Tuesday morning we decided to head back into the area we were at the morning before, but try to get in front of the elk and cut them off on their way to their beds. I guess they never came up to the same area. But we could hear them talking, so we decided to throw out some calls and see what we could turn up. We ended up calling in a rag horn and a couple cows. One that came running to us. Got a quick glimpse of a good bull as it ran by, but it must have been spooked from somewhere else because it was in a big hurry. After that, things kind of died down. We moved down to the edge of the deep canyon just to look and see what it looked like. While we were talking I decided to throw out a couple cow calls just in case. Sure enough we ended up calling in a decent 5 in to about 10 yards and he just came in a looked right at me and was trying to figure out where the cows were. Finally he had enough and turned and ran, I made a cow call with my mouth just to see if it worked and he stopped in his tracks and looked back to double check that he wasn't missing anything. Then he just walked away. We still heard other bugles so we kept calling and called another cow into the same spot, but that wrapped up our morning. 

That night we went to another place that some bulls had been spotted the previous 2 mornings. We hoped to catch the elk coming back up at of the canyons on their way to feed. It was a pretty quiet night, until about 30-45 min before dark we let out some calls and within 15 minutes started hearing some bugles and before we knew it the whole herd fed over the hill to about 200 yards. There was a nice 5x6 in the group, but he wasn't quite what I was looking for so I let him walk. It would have been a tough shot, but we had a great day and was a good way to cap it off. 

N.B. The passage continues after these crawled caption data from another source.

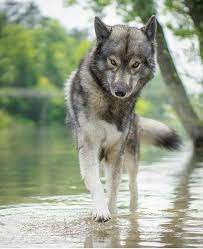 Animal Lobo Wolf Wolfdog Wolf Dog Tamaskan Dog Wolf Spirit Animal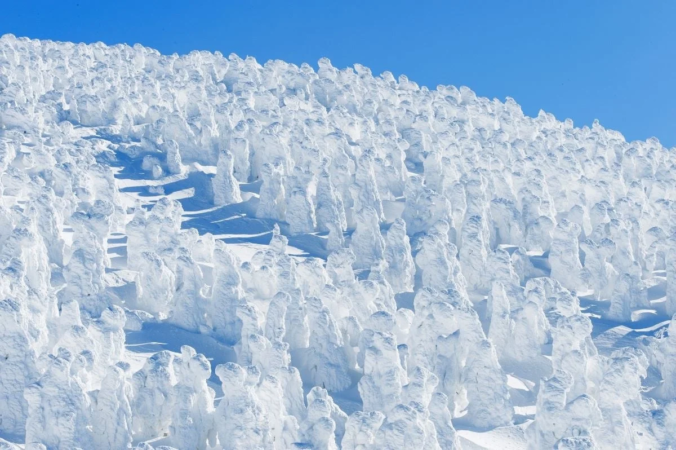 樹氷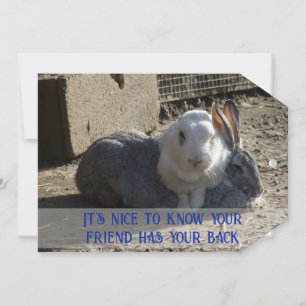 it's nice to know ... holiday card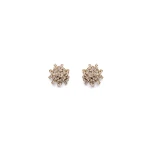 Scanlan Theodore Small Cascade Studs in Gold Quartz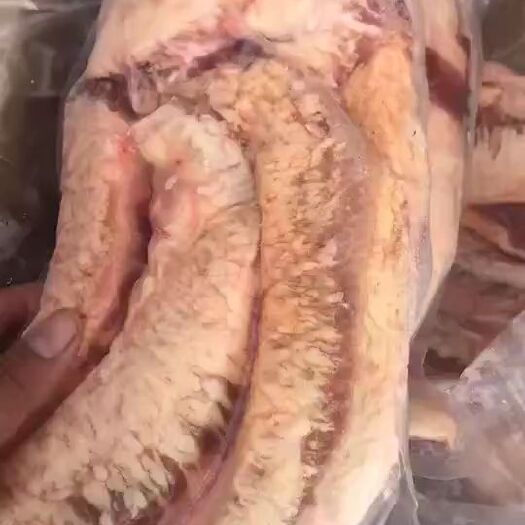 阳信县牛油   牛胸口油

Wednesday morning was tough one, we hiked out to a new place that we knew held elk. We seemed to be just behind the elk the whole morning. We finally made it out to the end of the ridge we were on just in time to hear the elk down again in the deep dark canyons that they all seemed to like to go late in the mornings. We followed suit from the previous couple of days and started to call at the edge of a clearing to see if anything would talk back. Instantly we had elk responding and got eyes on some cows at the edge of where we were. The cows eventually fed off but we looked up to see a bull come out of the cedars looking for the source of the cow talk. He ended up coming in to about 30 yards, but was only a small 3 point. It was still a lot of fun. As he was at his closest point, other elk started feeding through the clearing. As the little bull got closer I got worried that eventually he would bust the rest of the herd out of there as well. Lucky for us eventually he got our wind but ran the other way and the other elk continued feeding through the clearing. We heard another bugle getting closer and then the "Big Boy" walked out. The only problem was, the closest he got was 500 yards or so as he was at the end of the clearing. We called and he looked at us and bugled, but following his cows he didn't seem to have much interest in coming to us. 

We kept calling and he kept responding and about 15 minutes or so after he and his cows disappeared into the tress he came back out looking for more. I told Jon (my cousin) that he was coming and he came and stood next to me to range. He slowly made his way from 350 yards or so and came all the way into 150. I had the cross-hairs right on him but he was facing us so I chose to wait. He ended up turning and walking back to 175 and turned broadside. I decided it was now or never, so I pulled the trigger. In the haze of the smoke and commotion I didn't get to see if it was a hit. He walked away slowly and by the time I got reloaded and back on the shooting stick I watched him walk into the trees at 350 yards right about where he came out. 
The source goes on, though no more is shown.